At just 7 years old, she was impressed by the majorettes on the field as they twirled their batons in the air and caught them behind their backs or over their heads. She knew she wanted to do that someday.
“We were just mesmerized by the twirlers out on the field,” Anna Mitchell said.
After years of practice, Anna Mitchell, 15, is well on her way to that dream. She and her independent competition baton twirling team, Twirl Forte, have qualified for next year’s International Cup competition in France.
“We basically just wanted to go out there and kind of get a feel for it,” said Anna Mitchell, also a feature twirler for Gainesville High School. “Once we heard our name called for second (place), we were all excited … We knew we had done all our best jobs, but it was just really great to see our hard work had paid off.”
Twirl Forte competed in the artistic group category at this year’s United States Twirling Association qualifier. Each twirler, dressed as Wonder Woman, worked together to secure second place and a trip to Limoges, France, in August 2019.
The team will represent Team USA and will compete against other teams from across the world.
“It was fun because it was a mashup of so many different songs,” Anna Mitchell said. “And it was some of my favorite songs.”
Anna Mitchell also qualified for the artistic twirl pairs event with her partner, Jessica Morlan.
It takes a lot to get to that place, though. Anna Mitchell joined the University of Georgia’s Junior Auxiliary Program, a program created for girls in elementary, middle and high school to gain experience with the flagline and majorettes. She was 7 years old and paired up with a majorette captain, Colleen Murphy.
“She was my first student and we also kind of favor each other in appearance, so that was always a joke that everyone made,” said Murphy, a Twirl Forte coach. “I mean, I’m definitely her coach first, and as she grows older and becomes a grown-up, I think we’re going to be really true friends.”
As Anna Mitchell’s personal coach, too, Murphy has seen seen her develop and grow as an athlete over the years.
“It’s been really fun,” Murphy said. “She has a lot of natural talent and ability, and always has since she was a little girl ... now she’s kind of at the fun point of her career where she’s put in a ton of the work, and it’s nice when you're an advanced twirler and you go and you win.”
The fact that Twirl Forte qualified for the International Cup was surprising as it had never competed in the organization that was holding the competition. It had also only practiced as a team three times. It’s made up of twirlers from around the state with one from Alabama and one from South Carolina, too.
Those few practices Twirl Forte did have, though, weren't for the faint of heart: They lasted 12 hours each.
“Since it was the summer, we were able to practice a lot more than we would have during the school year,” Anna Mitchell said. “It was pretty intense, but we were able to take breaks and it was actually pretty fun because we were doing the sport we love to do.”

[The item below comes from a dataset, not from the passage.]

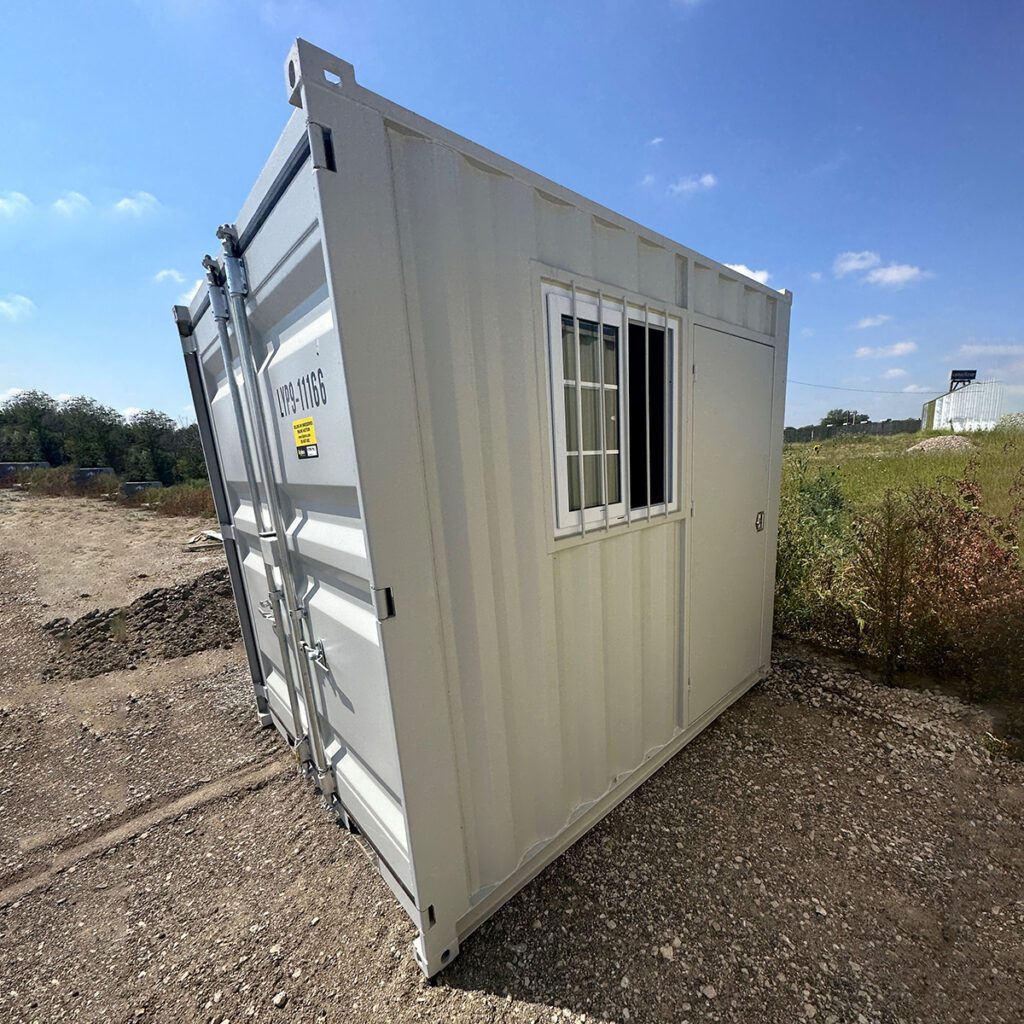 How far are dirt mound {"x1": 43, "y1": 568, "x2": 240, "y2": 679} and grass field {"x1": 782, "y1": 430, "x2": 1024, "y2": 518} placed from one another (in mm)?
6278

That fun is why she continues to twirl. Even though she still gets nervous sometimes, she said one of her favorite aspects of the sport is there’s always room to improve. It gives her the drive to stick with it.
Anna Mitchell’s mother, Lisa Ralston, said her practices have become more and more intense as the years have gone on. But Ralston has been there every step of the way, taking Anna Mitchell to competitions and practices.
Now, it’s all paid off.
“I’m very proud of her,” Ralston said. “It’s been a great activity for her. There’s a lot of opportunity to travel and make friends across the country, and now she gets to travel with those friends to see the world, really.”
As Anna Mitchell travels to France with her team as part of Team USA, she has hopes of going even further in the sport once she returns.
“I would love to be a feature twirler at whatever college I decide to go to,” Anna Mitchell said. “Just being a feature twirler is the main goal for me. But also, baton twirling can take you so many different places, so eventually I’d love to become a baton coach.”